The values and norms within the principle of Rule of law has some legitimate position within the Islamic administrative system. In its actual application, there must be rules and other practical mechanisms to ensure that the Islamic notion of rule of law can be applied without prejudice to the current understanding on the rule of law theory. Believing in the notion that constitutionalism and rule of law originate from the west and secular in nature, does not help its application.
The very basic elements of the rule of law must be incorporated into the constitutional provisions or adopted within the legislation. Following the embedded provisions, it becomes the task for Muslim constitutionalists to find the resources within Islamic thought permitting the development and sustaining of constitutionalism and the rule of law.
One of the first tasks for Muslim constitutionalist or the law makers in this process is to assert the possibility of the application of Islamic principle. This requires further ijtihad; the need to disseminate that human beings possess the rational faculty—as a God-given faculty. In this situation, Muslims must be able to form moral conclusions on how to order their communal lives. Apart from reliance on the previously interpreted revelation, Muslims must be able to further elaborate new rules in providing solutions to new problems.
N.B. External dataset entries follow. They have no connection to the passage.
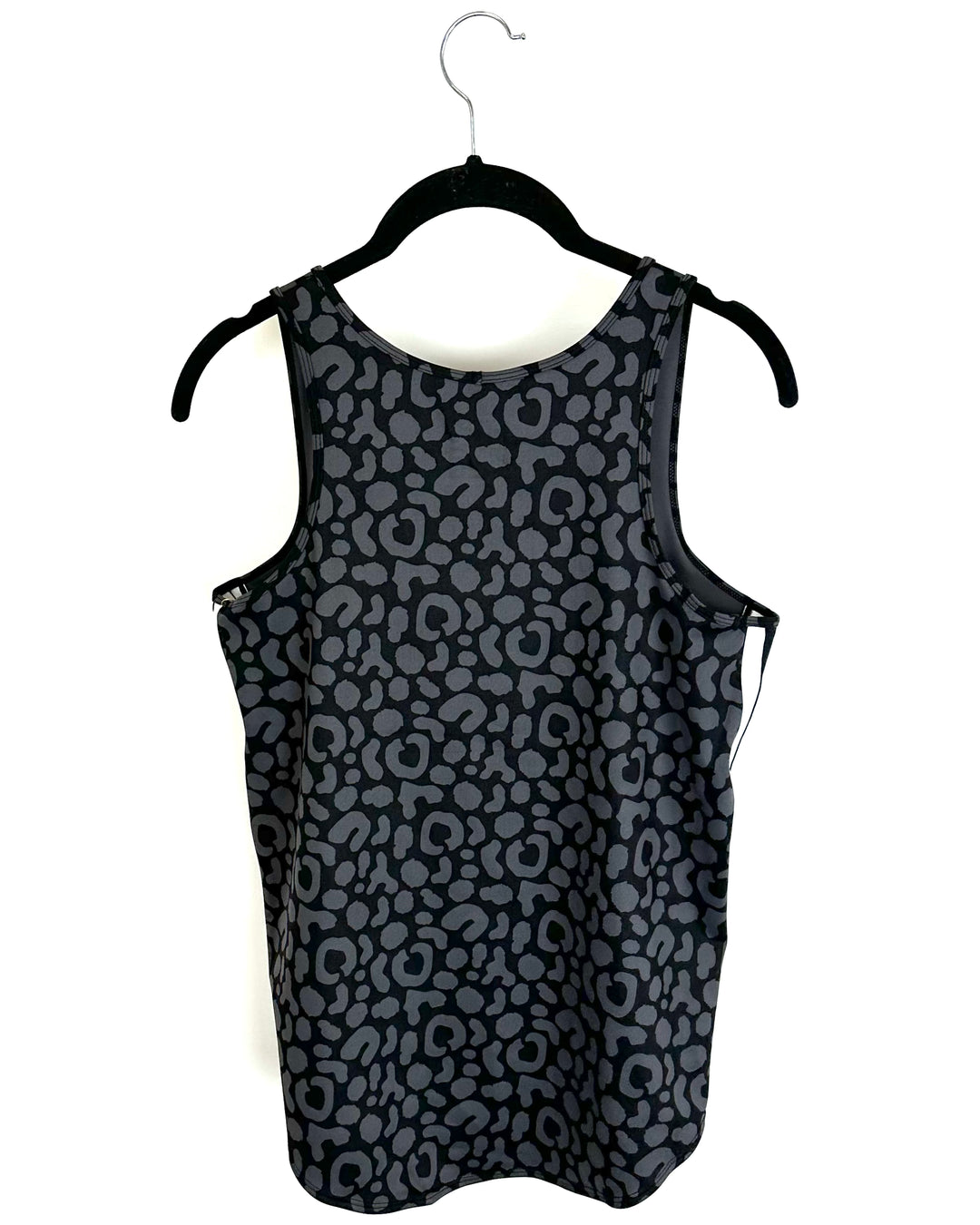 Black Cheetah Athletic Tank Top - Extra Small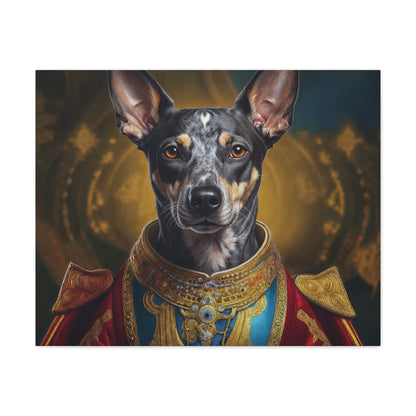 Peruvian Inca Orchid Renaissance Dog Portrait on Canvas, Pet Lover Gift, Home Decor, Unique Wall Art, Dog Birthday Present, Animal Wall Art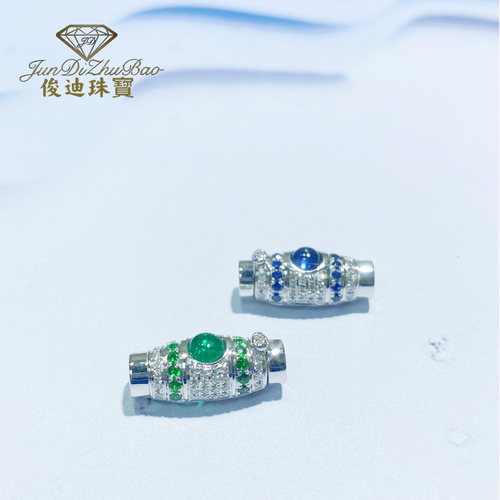 18K珠链扣珍珠项链翡翠珠手链扣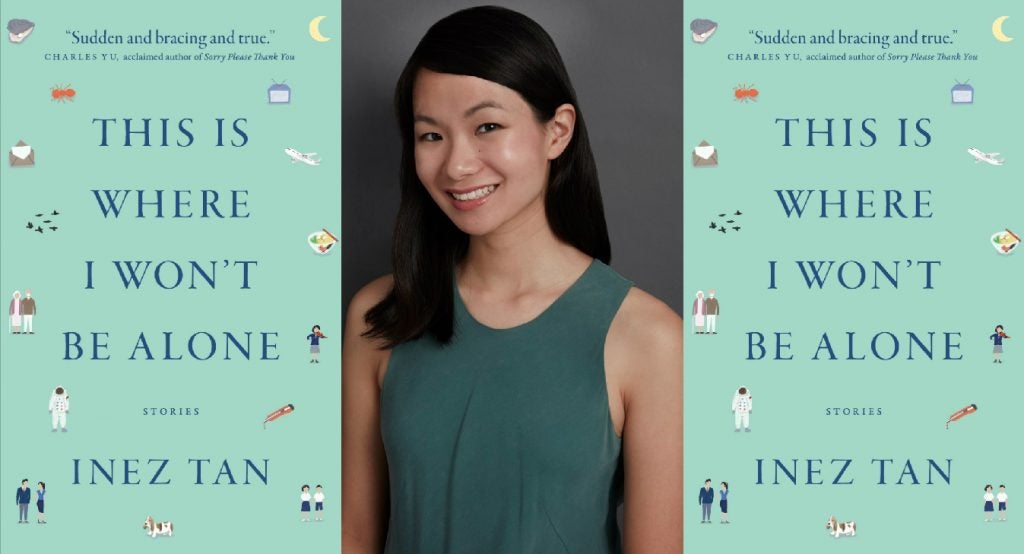 this is where I wont be alone by inez tan cover collage aside the author's headshot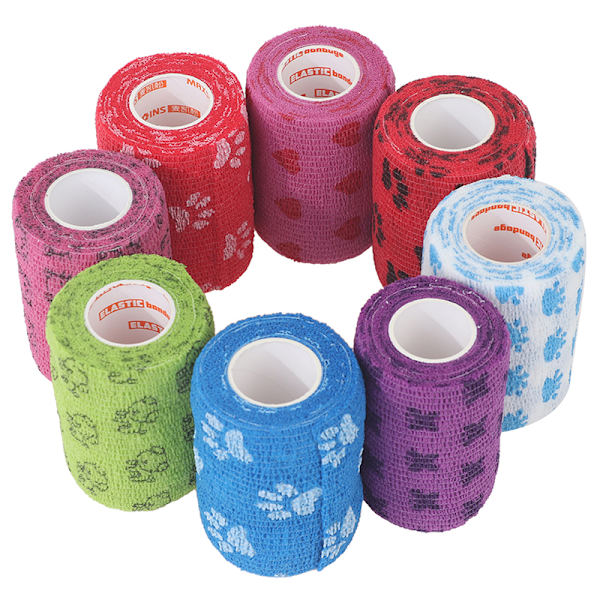 Självhäftande elastiskt bandage för sällskapsdjur Kattbandage Cover A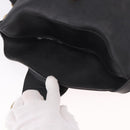 Christian Dior Trotter Shoulder Bag PVC Black Gold Auth bs35923-17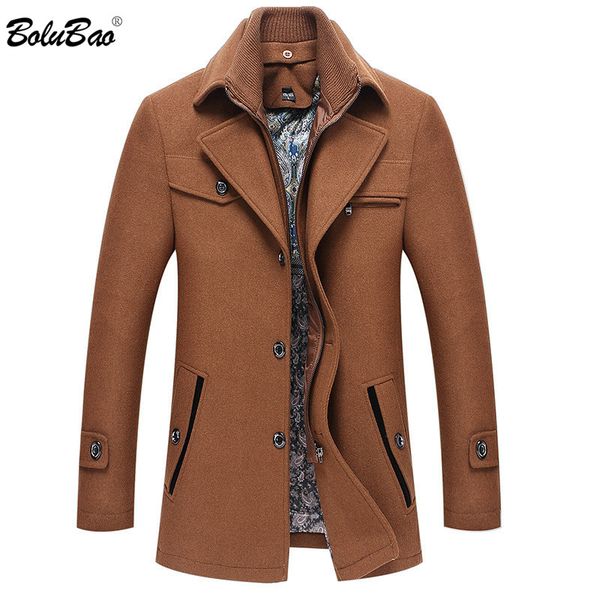 bolubao men winter wool coat men's autumn winter fashion solid color wool blends woolen pea coat male trench overcoat, Black
bolubao men winter wool coat men's autumn winter fashion solid color wool blends woolen pea coat male trench overcoat, Black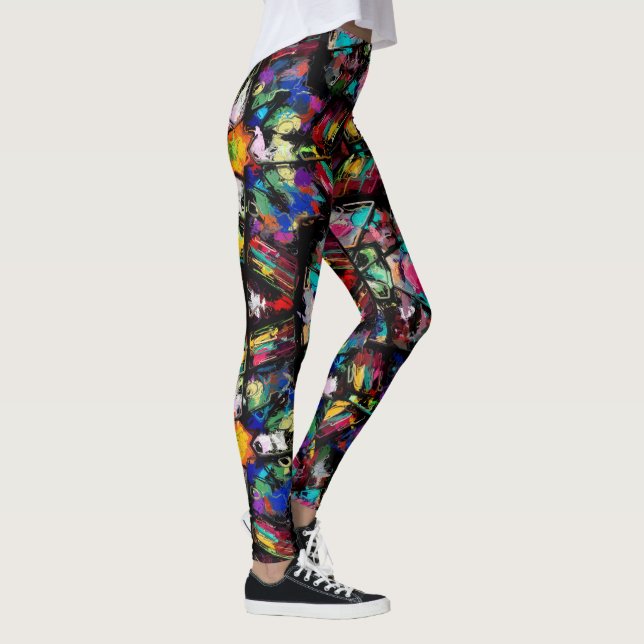 Ecuadorian-Hartglas Leggings (Rechts)
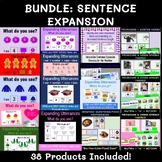 Sentence Expansion MEGA BUNDLE for SpEd & SPEECH GOOGLE Sl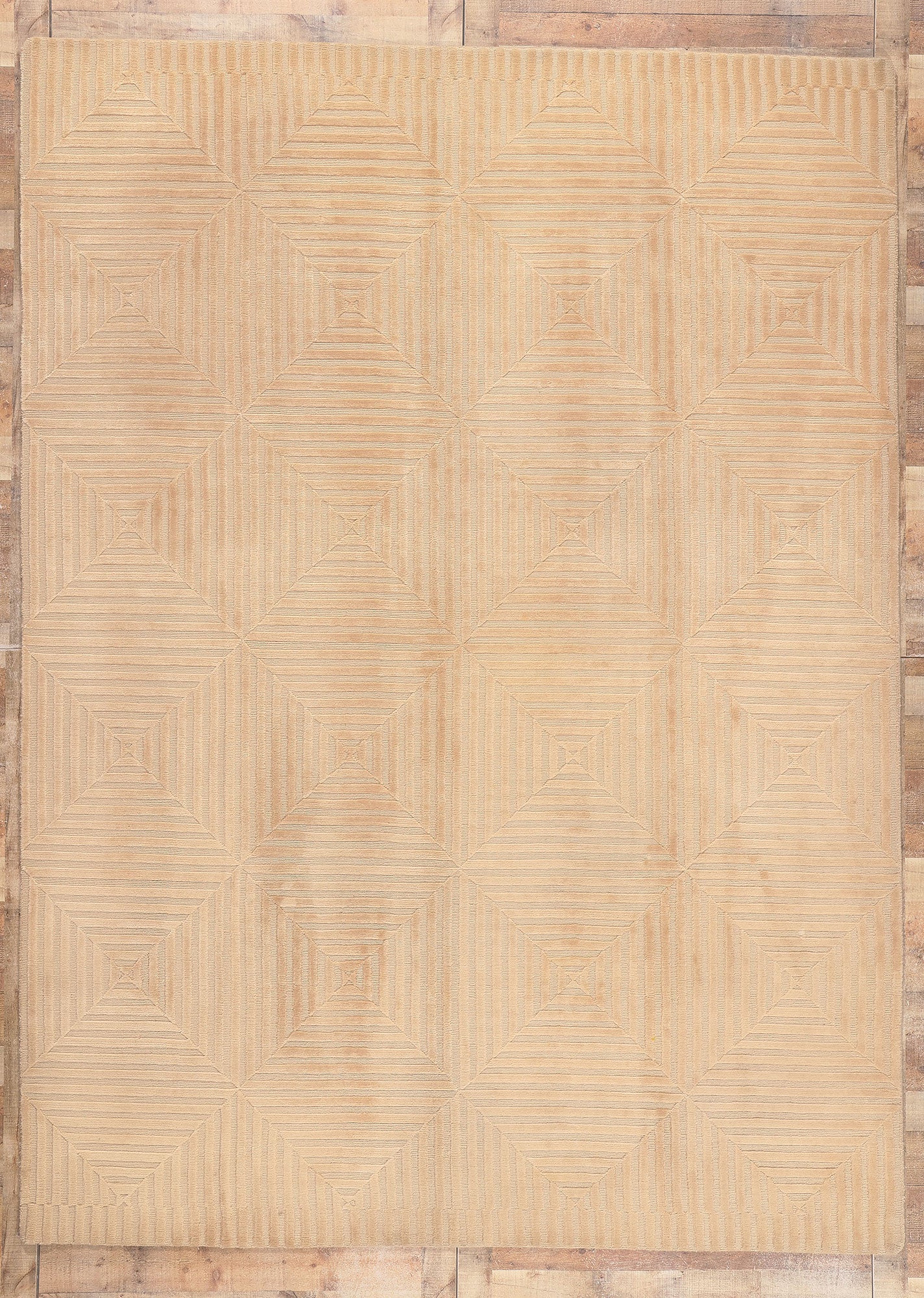 9 x 11 Vintage Tibetan High-Low Rug 77307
If previous Muslim jurists gives emphasis on istislah (public welfare) and istihsan (equity or fairness), more recent Muslim jurists adopt maqasid Syar’iyyah (objectives of Shariah) to make Islamic rules adaptable. The concept of maqasid Syar’iyyah allows the separation between the unchangeable, Shariah, from fiqh (jurisprudence), the changeable human understanding of Shariah. Shariah in this conception can function similar to role of natural law in early Western constitutional thought and the role that constitutions play today in a constitutional order.
Similar attitude of Muslim jurists may be adopted in the application on the rule of law. In all aspects the attitude of Muslim jurists must not be too conservative in interpretation and development of Shariah. But this does not mean Muslim jurists must be too liberal, because they shall always bear in mind the immutable concepts in Islamic theology. Muslim jurists must be able to wisely balance between the need and the necessity. This must be done with wisdom.
Indeed, wisdom is the key factor for Muslim jurists’ success in meeting the plausible practicable solutions in modern world and contemporary problems such as the application of rule of law in particular or constitutionalism in general.